Curiosity's drill is part of what makes this rover such a giant step up from its Martian predecessors Spirit and the still-running Opportunity, which landed in 2004. Unlike those twin rovers, Curiosity can actually sample rock, then carefully drop it into a hole in its body. Inside, a chemical lab made up of the Sample Analysis at Mars instrument and the Chemistry and Mineralogy instrument will analyze it (also a first for Martian science). A sieve will keep out any particles larger than six-thousandths of an inch.

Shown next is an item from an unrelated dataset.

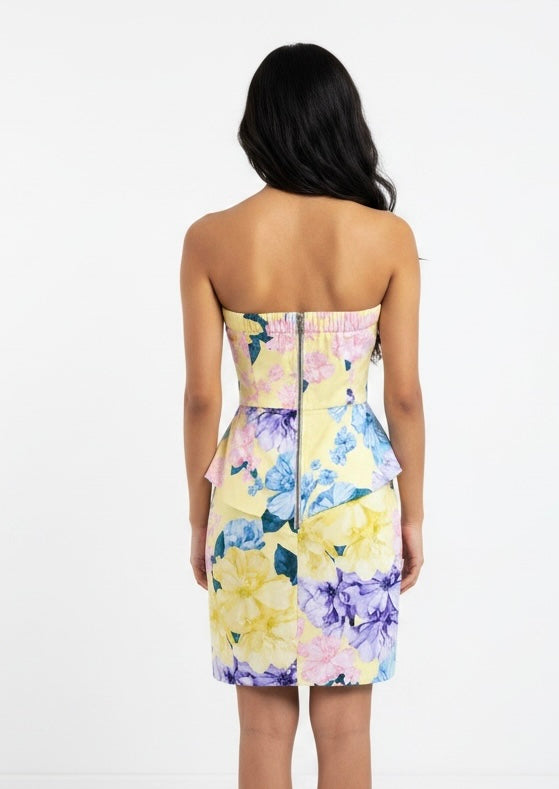 Yellow Floral Strapless Peplum Dress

The drill, which sits on the end of Curiosity’s instrument-laden arm, bored a 0.63-inch hole some 2.5 inches deep into a patch of sedimentary bedrock – fine-grained rock that could contain clues from past wet environments. The rock powder from this hole will be processed and analyzed by the suite of instruments in its belly.
Back in mid-January, officials at Jet Propulsion Laboratory had estimated that the drill would be put into action some two weeks from then. Drilling is a complex process that can take days – each step is painstakingly choreographed. For example, it should take several days after drilling for ground controllers to process the sample and then send it to its lab instruments.
The drilled rock is named John Klein, after a deputy principal investigator for the mission who died in 2011. Curiosity is on its way toward Mt. Sharp, a three-mile high mountain in the middle of Gale Crater. Its layers may provide clues as to whether Mars was ever hospitable to life.